Data below
###

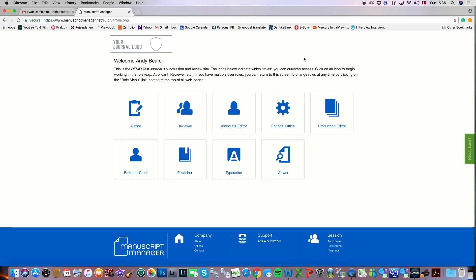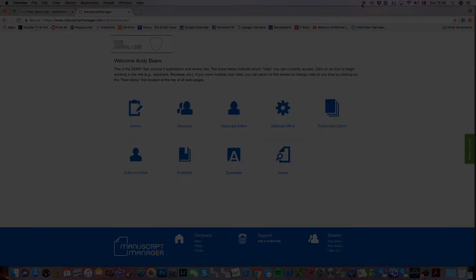So that concludes our tutorial on proxying as another user, and I hope you found it helpful. Have a nice day.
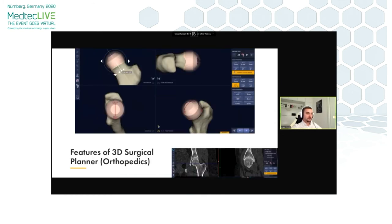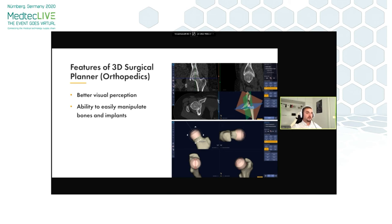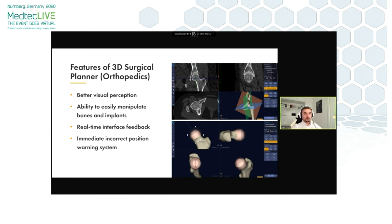To sum up, the visual perception here is vast and allows us to see all the important details. The next big thing is the ability to easily manipulate bones and implants — the software is highly responsive so any interaction works in real time. In addition, there is an immediate incorrect-position warning system that notifies the user right away. Last but not least, the software automatically generates a PDF surgery plan that you can easily print and take with you to the theater.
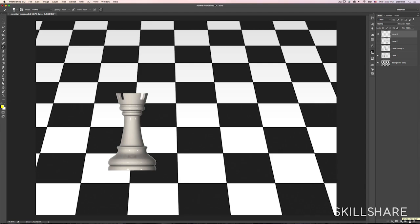Let me show you an example. Here we have this chess piece here, and this is a real world example that happened to me. And I wanted to be able to fit a chess piece on this chess board.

###

Work item
Output the listing exactly. Leave out any image.

Result of the exercise
So that concludes our tutorial on proxying as another user, and I hope you found it helpful. Have a nice day.
To sum up, the visual perception here is vast and allows us to see all the important details. The next big thing is the ability to easily manipulate bones and implants — the software is highly responsive so any interaction works in real time. In addition, there is an immediate incorrect-position warning system that notifies the user right away. Last but not least, the software automatically generates a PDF surgery plan that you can easily print and take with you to the theater.
Let me show you an example. Here we have this chess piece here, and this is a real world example that happened to me. And I wanted to be able to fit a chess piece on this chess board.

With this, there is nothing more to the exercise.